Top of DATA EXTRACTS

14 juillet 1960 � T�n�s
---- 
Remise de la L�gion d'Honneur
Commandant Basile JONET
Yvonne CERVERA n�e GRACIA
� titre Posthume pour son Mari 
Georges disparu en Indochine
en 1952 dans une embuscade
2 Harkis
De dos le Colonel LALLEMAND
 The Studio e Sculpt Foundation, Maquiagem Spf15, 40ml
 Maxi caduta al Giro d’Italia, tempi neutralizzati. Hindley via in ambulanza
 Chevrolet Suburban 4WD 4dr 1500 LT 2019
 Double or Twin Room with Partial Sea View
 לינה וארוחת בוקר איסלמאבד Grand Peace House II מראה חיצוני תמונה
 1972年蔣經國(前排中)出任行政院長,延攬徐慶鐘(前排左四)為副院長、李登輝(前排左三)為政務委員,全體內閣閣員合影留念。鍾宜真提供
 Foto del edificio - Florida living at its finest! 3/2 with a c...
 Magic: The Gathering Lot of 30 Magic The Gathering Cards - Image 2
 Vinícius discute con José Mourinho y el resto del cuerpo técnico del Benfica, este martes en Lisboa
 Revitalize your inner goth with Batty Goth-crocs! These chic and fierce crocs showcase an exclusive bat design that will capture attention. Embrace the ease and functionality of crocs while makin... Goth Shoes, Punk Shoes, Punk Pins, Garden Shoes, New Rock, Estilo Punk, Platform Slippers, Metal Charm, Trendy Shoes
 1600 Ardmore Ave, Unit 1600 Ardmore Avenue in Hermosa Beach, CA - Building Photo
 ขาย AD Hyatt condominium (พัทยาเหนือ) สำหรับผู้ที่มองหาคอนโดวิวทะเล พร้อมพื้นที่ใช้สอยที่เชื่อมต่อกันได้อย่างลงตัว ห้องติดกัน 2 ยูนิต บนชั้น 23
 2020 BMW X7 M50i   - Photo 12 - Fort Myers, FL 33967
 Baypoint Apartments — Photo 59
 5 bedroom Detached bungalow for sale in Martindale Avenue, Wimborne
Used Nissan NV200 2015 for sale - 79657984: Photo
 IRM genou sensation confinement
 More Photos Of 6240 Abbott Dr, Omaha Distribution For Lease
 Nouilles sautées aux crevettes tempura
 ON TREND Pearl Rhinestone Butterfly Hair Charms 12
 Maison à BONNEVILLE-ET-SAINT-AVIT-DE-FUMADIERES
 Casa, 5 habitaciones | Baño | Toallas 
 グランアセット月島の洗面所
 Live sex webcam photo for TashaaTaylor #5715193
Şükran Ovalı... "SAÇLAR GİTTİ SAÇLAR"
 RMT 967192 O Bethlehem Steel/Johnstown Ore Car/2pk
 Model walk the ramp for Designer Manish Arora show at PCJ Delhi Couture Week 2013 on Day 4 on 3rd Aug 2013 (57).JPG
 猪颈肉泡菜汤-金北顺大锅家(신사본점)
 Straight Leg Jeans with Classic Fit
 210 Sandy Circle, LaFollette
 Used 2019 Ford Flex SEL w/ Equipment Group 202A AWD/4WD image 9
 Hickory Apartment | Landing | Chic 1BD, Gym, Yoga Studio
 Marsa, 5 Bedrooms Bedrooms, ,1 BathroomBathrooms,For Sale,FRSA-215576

Bottom of DATA EXTRACTS

Retype the records in their entirety, matching each one exactly.

14 juillet 1960 � T�n�s
---- 
Remise de la L�gion d'Honneur
Commandant Basile JONET
Yvonne CERVERA n�e GRACIA
� titre Posthume pour son Mari 
Georges disparu en Indochine
en 1952 dans une embuscade
2 Harkis
De dos le Colonel LALLEMAND
 The Studio e Sculpt Foundation, Maquiagem Spf15, 40ml
 Maxi caduta al Giro d’Italia, tempi neutralizzati. Hindley via in ambulanza
 Chevrolet Suburban 4WD 4dr 1500 LT 2019
 Double or Twin Room with Partial Sea View
 לינה וארוחת בוקר איסלמאבד Grand Peace House II מראה חיצוני תמונה
 1972年蔣經國(前排中)出任行政院長,延攬徐慶鐘(前排左四)為副院長、李登輝(前排左三)為政務委員,全體內閣閣員合影留念。鍾宜真提供
 Foto del edificio - Florida living at its finest! 3/2 with a c...
 Magic: The Gathering Lot of 30 Magic The Gathering Cards - Image 2
 Vinícius discute con José Mourinho y el resto del cuerpo técnico del Benfica, este martes en Lisboa
 Revitalize your inner goth with Batty Goth-crocs! These chic and fierce crocs showcase an exclusive bat design that will capture attention. Embrace the ease and functionality of crocs while makin... Goth Shoes, Punk Shoes, Punk Pins, Garden Shoes, New Rock, Estilo Punk, Platform Slippers, Metal Charm, Trendy Shoes
 1600 Ardmore Ave, Unit 1600 Ardmore Avenue in Hermosa Beach, CA - Building Photo
 ขาย AD Hyatt condominium (พัทยาเหนือ) สำหรับผู้ที่มองหาคอนโดวิวทะเล พร้อมพื้นที่ใช้สอยที่เชื่อมต่อกันได้อย่างลงตัว ห้องติดกัน 2 ยูนิต บนชั้น 23
 2020 BMW X7 M50i   - Photo 12 - Fort Myers, FL 33967
 Baypoint Apartments — Photo 59
 5 bedroom Detached bungalow for sale in Martindale Avenue, Wimborne
Used Nissan NV200 2015 for sale - 79657984: Photo
 IRM genou sensation confinement
 More Photos Of 6240 Abbott Dr, Omaha Distribution For Lease
 Nouilles sautées aux crevettes tempura
 ON TREND Pearl Rhinestone Butterfly Hair Charms 12
 Maison à BONNEVILLE-ET-SAINT-AVIT-DE-FUMADIERES
 Casa, 5 habitaciones | Baño | Toallas 
 グランアセット月島の洗面所
 Live sex webcam photo for TashaaTaylor #5715193
Şükran Ovalı... "SAÇLAR GİTTİ SAÇLAR"
 RMT 967192 O Bethlehem Steel/Johnstown Ore Car/2pk
 Model walk the ramp for Designer Manish Arora show at PCJ Delhi Couture Week 2013 on Day 4 on 3rd Aug 2013 (57).JPG
 猪颈肉泡菜汤-金北顺大锅家(신사본점)
 Straight Leg Jeans with Classic Fit
 210 Sandy Circle, LaFollette
 Used 2019 Ford Flex SEL w/ Equipment Group 202A AWD/4WD image 9
 Hickory Apartment | Landing | Chic 1BD, Gym, Yoga Studio
 Marsa, 5 Bedrooms Bedrooms, ,1 BathroomBathrooms,For Sale,FRSA-215576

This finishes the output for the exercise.